Showing posts with label baking. Show all posts
Showing posts with label baking. Show all posts

Tuesday, September 24, 2013

Eat: Sweet Potato Tarts

The first half of September featured a very unwelcome heat wave. How am I supposed to start decorating my house with fall leaves and wrap myself with a chunky cableknit sweater when it is ONE HUNDRED degrees outside?! Fortunately, cooler weather has moved in this week and I had just the right dish in mind to kick-off the autumn season! I received a beautiful mini tart pan for my birthday that was waiting patiently to be broken-in; I also had a handful of sweet potatoes in the pantry. This recipe was a product of both!
 


Tarts are a great option for bakers who hate to mess with normal full-size pie crusts. The dough for these four-inch pans was easily managed and maneuvered around my countertop. Aside from the ease, individual tarts have such a fancy quality to them! I think they would present quite nicely at the end of a dinner party with friends or family (Thanksgiving will be here before we know it!). One more point in favor of tarts over pies is that you can adjust the recipe to suit your crowd size. I actually made a smaller batch of three tarts by halving the ingredient list below.

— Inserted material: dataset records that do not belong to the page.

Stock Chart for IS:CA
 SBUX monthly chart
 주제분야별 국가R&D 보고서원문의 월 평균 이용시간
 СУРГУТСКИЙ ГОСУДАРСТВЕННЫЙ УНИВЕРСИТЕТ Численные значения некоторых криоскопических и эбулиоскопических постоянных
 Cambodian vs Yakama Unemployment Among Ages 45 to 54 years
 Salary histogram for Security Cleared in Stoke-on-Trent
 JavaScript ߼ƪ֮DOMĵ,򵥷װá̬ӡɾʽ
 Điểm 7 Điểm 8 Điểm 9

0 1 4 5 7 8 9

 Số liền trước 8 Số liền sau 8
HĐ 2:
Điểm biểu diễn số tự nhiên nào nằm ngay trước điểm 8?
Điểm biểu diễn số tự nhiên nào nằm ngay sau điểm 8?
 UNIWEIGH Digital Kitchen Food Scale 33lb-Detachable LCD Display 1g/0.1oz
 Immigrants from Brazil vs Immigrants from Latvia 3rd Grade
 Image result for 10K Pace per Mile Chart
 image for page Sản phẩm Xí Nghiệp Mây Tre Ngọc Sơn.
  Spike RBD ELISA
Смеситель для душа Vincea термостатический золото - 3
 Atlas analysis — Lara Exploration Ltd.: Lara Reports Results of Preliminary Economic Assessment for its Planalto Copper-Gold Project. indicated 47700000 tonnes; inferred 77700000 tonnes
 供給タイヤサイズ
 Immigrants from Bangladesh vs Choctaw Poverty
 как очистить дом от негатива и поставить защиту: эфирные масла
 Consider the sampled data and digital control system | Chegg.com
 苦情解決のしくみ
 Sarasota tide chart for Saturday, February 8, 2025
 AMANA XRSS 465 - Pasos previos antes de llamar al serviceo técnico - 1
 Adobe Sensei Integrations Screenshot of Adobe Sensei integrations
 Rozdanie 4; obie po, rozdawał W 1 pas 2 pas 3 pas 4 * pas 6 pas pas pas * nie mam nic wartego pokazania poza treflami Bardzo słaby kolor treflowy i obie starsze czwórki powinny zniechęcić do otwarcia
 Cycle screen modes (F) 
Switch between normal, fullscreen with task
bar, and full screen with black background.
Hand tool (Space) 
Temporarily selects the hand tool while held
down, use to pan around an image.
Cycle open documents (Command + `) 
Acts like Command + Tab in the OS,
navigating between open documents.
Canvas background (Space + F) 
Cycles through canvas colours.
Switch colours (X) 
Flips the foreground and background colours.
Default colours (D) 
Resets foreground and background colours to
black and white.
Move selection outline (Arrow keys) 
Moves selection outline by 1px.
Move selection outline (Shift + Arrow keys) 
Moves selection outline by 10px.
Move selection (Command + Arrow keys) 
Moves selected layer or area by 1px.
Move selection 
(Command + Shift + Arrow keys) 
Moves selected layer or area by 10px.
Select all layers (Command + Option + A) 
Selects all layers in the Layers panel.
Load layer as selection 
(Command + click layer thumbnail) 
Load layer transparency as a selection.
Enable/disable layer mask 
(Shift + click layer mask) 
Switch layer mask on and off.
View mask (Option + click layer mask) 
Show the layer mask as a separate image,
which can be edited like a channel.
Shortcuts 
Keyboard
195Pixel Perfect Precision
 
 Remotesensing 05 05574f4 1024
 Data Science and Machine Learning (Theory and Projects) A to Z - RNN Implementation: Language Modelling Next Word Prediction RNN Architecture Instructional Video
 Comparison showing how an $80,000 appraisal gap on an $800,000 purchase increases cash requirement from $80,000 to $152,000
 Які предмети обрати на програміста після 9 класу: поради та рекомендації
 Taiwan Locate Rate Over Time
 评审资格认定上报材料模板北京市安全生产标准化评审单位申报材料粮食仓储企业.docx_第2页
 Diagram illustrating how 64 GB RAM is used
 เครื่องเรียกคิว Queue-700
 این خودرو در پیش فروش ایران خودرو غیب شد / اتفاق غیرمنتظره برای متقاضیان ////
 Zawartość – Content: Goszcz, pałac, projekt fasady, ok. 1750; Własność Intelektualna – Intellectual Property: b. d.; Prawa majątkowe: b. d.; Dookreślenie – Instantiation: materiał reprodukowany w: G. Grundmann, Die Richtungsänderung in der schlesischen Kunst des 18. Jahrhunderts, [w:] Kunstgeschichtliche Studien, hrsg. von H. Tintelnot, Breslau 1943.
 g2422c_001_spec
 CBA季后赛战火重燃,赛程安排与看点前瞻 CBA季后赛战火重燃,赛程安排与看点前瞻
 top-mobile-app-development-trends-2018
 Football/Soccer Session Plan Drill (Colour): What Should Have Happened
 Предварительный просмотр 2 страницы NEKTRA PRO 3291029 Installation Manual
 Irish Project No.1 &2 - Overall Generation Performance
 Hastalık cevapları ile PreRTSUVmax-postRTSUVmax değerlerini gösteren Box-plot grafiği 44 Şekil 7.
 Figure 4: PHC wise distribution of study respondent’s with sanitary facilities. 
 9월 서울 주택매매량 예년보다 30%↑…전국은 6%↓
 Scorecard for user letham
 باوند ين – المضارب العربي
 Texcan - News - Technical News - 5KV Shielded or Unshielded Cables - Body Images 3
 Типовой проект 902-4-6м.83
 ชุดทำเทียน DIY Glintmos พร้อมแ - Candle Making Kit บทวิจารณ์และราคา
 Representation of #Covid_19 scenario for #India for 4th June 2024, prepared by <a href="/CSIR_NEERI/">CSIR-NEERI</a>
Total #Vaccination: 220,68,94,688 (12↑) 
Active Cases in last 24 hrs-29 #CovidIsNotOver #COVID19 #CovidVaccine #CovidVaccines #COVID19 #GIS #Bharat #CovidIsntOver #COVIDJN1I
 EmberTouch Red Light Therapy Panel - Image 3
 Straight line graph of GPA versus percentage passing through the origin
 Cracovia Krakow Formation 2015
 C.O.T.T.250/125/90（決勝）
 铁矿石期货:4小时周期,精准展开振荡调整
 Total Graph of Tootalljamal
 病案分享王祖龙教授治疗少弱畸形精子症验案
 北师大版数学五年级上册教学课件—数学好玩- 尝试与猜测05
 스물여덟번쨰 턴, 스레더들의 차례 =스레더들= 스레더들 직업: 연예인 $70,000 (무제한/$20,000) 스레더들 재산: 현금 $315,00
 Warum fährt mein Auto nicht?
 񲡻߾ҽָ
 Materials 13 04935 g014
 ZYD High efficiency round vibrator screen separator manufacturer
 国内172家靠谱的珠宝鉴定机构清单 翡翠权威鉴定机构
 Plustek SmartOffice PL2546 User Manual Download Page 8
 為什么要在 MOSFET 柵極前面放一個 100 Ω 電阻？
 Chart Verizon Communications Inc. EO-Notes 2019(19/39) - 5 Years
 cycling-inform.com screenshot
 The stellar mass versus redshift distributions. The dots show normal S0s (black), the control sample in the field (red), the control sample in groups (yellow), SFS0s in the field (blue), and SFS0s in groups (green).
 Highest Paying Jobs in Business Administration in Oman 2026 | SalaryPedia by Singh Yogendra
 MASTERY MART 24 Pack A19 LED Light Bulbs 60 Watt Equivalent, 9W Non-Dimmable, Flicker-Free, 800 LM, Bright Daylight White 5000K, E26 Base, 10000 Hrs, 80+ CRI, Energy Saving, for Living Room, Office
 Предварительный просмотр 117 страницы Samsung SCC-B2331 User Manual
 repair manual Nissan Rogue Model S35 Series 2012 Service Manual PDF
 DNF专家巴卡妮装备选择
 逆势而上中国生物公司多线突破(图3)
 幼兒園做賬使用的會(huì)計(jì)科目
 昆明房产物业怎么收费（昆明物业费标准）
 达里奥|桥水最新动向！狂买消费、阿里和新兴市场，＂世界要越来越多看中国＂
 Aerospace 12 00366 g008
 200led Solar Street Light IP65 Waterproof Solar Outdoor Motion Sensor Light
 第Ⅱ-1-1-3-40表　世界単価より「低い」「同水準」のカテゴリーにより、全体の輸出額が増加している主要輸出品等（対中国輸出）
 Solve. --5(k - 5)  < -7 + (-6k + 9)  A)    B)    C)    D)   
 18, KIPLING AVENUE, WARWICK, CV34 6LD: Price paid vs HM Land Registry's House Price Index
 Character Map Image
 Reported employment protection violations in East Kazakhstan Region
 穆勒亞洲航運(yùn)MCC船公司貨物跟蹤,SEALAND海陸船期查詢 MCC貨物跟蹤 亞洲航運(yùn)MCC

I tend to shy away from creating my own recipes but I'm so pleased with how these beauties turned out! They are delicious but not overly sweet; I find sweet potatoes to be perfectly tasty without a single additive, but I did jazz these up with some cinnamon, nutmeg, and allspice. It is also a relatively healthy dessert since I kept the sugar and butter to a minimum. The streusel topping is a must for both flavor and texture. I loved the combination of smooth filling and crunchy topping!

Sweet Potato Tarts
Yields 6 four-inch tarts (1-inch deep)

Dough:
2 cups all-purpose flour
2 tablespoons sugar
1/4 teaspoon salt
1 1/2 sticks butter, cold and cut into small cubes
1/2 cup of cold water (you may not use it all!)

Sweet Potato Filling:
4-6 small sweet potatoes, baked and mashed
6 tablespoons brown sugar
1-2 teaspoons cinnamon
1/2 teaspoon freshly ground nutmeg
Dash of allspice

Pecan Streusal Topping:
1/4 - 1/2 cup brown sugar
4 tablespoons flour
4 tablespoons butter, melted
1/2 cup chopped pecans
1/2 cup oats

Prepare the Dough
Stir together the flour, sugar, and salt. Once well combined, cut in small chunks of cold butter. You want the butter to be COLD, so keep it in the fridge until you are ready to add it. You can cut in / incorporate the butter using an electric mixer, by hand with a pastry cutter (my preferred method), or a fork/knife (way too much work; buy a pastry cutter instead!). You need to integrate the butter and flour blend until the dough is crumbly and the butter chunks are no larger than a pea. Once done, slowly pour a few tablespoons of cold water into the dough. Don't add all of the water at once! Stir and repeat just until the dough mostly sticks together. Transfer dough onto a floured countertop or plastic wrap. Knead the dough a few times to form a ball. Divide in half, reform into two balls (or thick discs) and wrap completely in plastic wrap. Refrigerate for at least an hour.

Tarts
Roll out the refrigerated dough (to about 1/4-inch thickness) and cut into 6-inch circles. Place these in greased tart pans.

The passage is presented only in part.